Worn Copy deserves a place in a museum, stored in a vitrine and observed with hushed regard. It’s indisputably a pure burst of unmatched, solitary creativity. The only question left is which one: the Folk Art Museum or the Museum of Television and Radio.


On the side of the short-wave buffs, Worn Copy is a premier example of the influence radio has had on American culture. The 75 minutes of song pastiche bear the influence of popular rock, dance, and soul from the latter half of the twentieth century, but not the clear sound of new vinyl on a hi-fi, or the blasting electricity of a live performance. This is an album written by someone whose primary source of music must have been a radio. The sounds phase in and out, their volumes changing as if the signal has briefly disappeared. The tones are fuzzy and muted, with the same lack of highs and lows that brought AM radio to its knees at the arrival of the sharper FM. Songs switch styles as abruptly as a listless hand surfing the stations.


The songwriter and musician, Ariel Pink, who created and recorded Worn Copy almost entirely on his own, mixes psychedelic ‘60s rock, ‘70s Californian jazz-funk, and ‘80s pop of Duran Duran and the Cars.

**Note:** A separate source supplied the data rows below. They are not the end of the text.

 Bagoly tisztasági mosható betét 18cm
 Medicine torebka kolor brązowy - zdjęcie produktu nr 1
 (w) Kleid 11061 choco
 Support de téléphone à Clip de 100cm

These 8-track recordings can be both deceptively accomplished and then suddenly drop all pretense of technique, such as in the reverb-heavy “One on One”, which feels like a meeting of the minds between the Velvet Underground and Jefferson Airplane.


Like most of us, Pink seems to have received the majority of his early exposure to popular music through radio, whether the faint sounds of college stations or the afternoon drive-time rock station. An impressive aspect of this influence is the incorporation into his songs of an essential element of commercial radio: the commercials. The track “Credit” turns a satirical commercial jingle into the song’s core melodic hook, as inane and insanely unforgettable as any real one. “Cable Access Follies”, a trashcan funk track with layered, bass vocals, emotionally glorifies the joys of cable TV.

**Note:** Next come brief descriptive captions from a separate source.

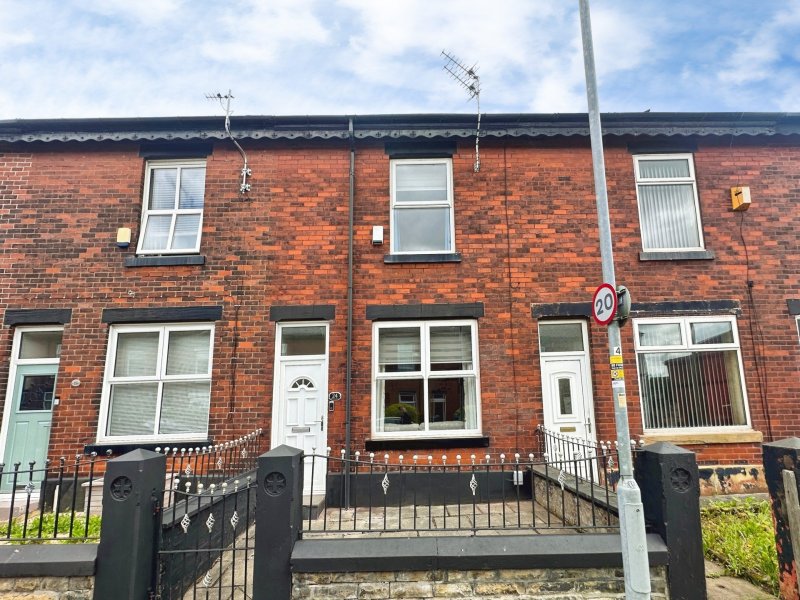 Knowles Street, Radcliffe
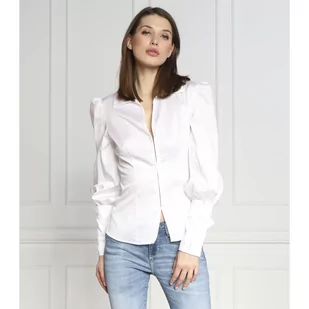 GUESS Koszula RINA | Regular Fit - Koszule damskie - miniaturka - grafika 1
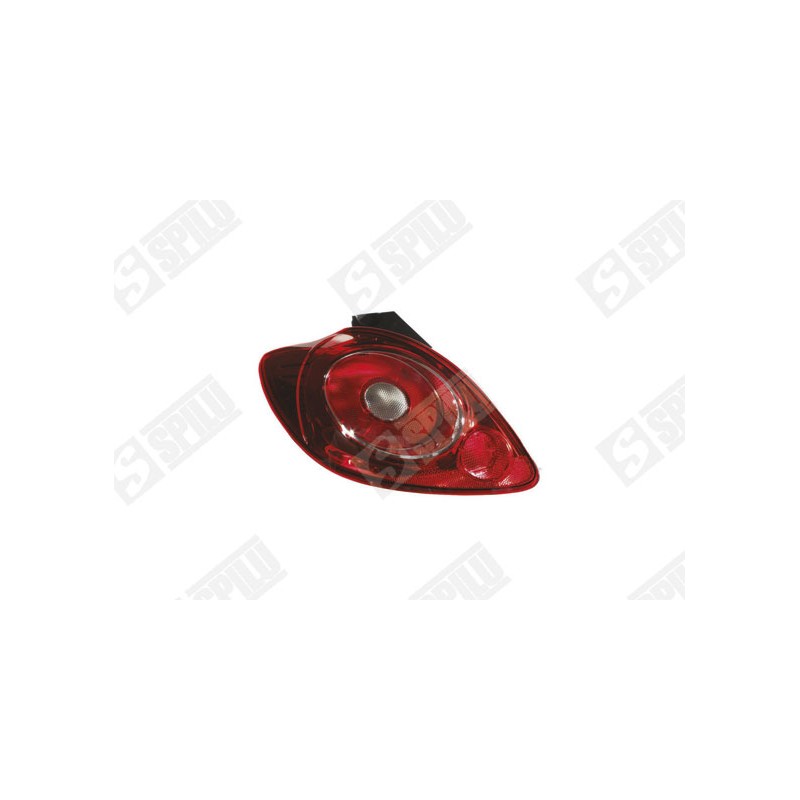 Feu Arrière Gauche Pour Ford KA 1579396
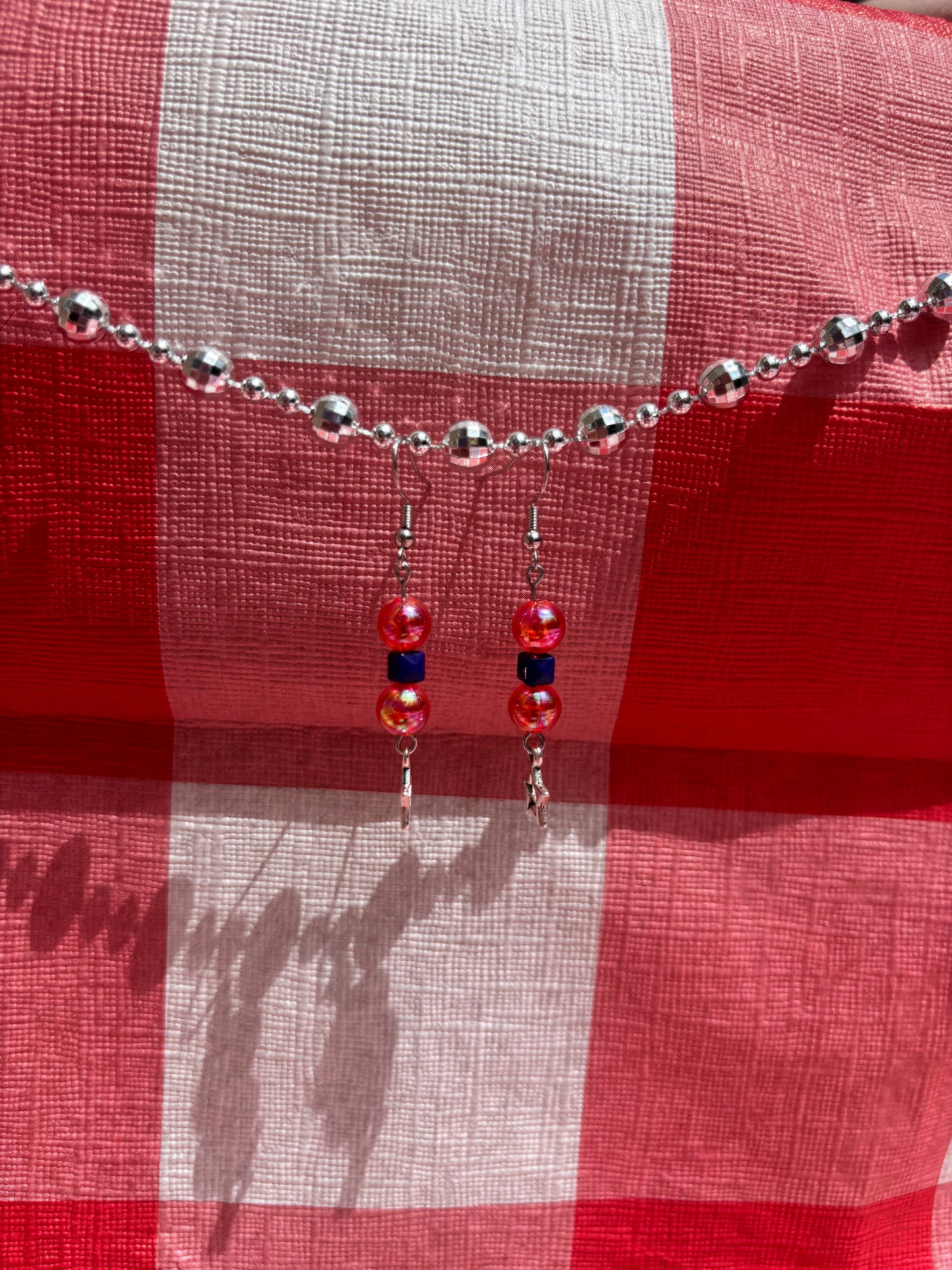 Firework Earrings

His record might be a useful cultural artifact for the Smithsonian, but as an artist he clearly seems more comfortable in the realm of outsider artists rather than the gallery establishment. Pink seems almost begging to be labeled a “freak.” The publicity photo that came with the CD showed Pink shirtless and strung out, his contorted face covered in what I have to assume is only stage blood. His combination of self- and mass-produced elements to create an original yet uncomfortably familiar final work makes for an easy fit with the outsider art of such visual artists as Henry Darger and Eugene Von Bruenchenheim. Like these solitary artists, Pink created hundreds of songs by himself. The lengthy Worn Copy is nothing compared to the potential magnum opus he might have arranged.


But Pink is not a freak. Outsider status is just like any other artistic authenticity debate—cool, punk, and now freak are intangible labels that can really only be conferred posthumously. Pink is very much alive, and no longer a misunderstood loner. For one, he’s enjoying some moderate recognition while still alive, something most outsider artists almost by definition never do. Darger and Bruenchenheim might never have been moved to create such vast collections of bizarre artwork if they had been given attention in their own time (Darger’s drawings might easily have got him arrested, even). Like Devendra Banhart, another young singer crowned with the dubious appellation of “freak,” a continuing, successful career as a musician almost instantly tarnishes the crown.


Worn Copy is a reissue of an older record, its material recorded in 2002 and 2003. His first record for Paw Tracks, The Doldrums, appeared last year but was recorded between 1999 and 2000. What can come next? The music of 1997 to 1998, or will Pink be able to return to his hermitage in California and, impervious to his recent shades of success and attention, create another epic ramble as compelling and singular as Worn Copy? I’m not sure what effect it might have on the man’s sanity, but for the listener’s sake I can’t help but wish that he’d been left undiscovered for a few more years, able only to tune in to his own inner bandwidth for comfort.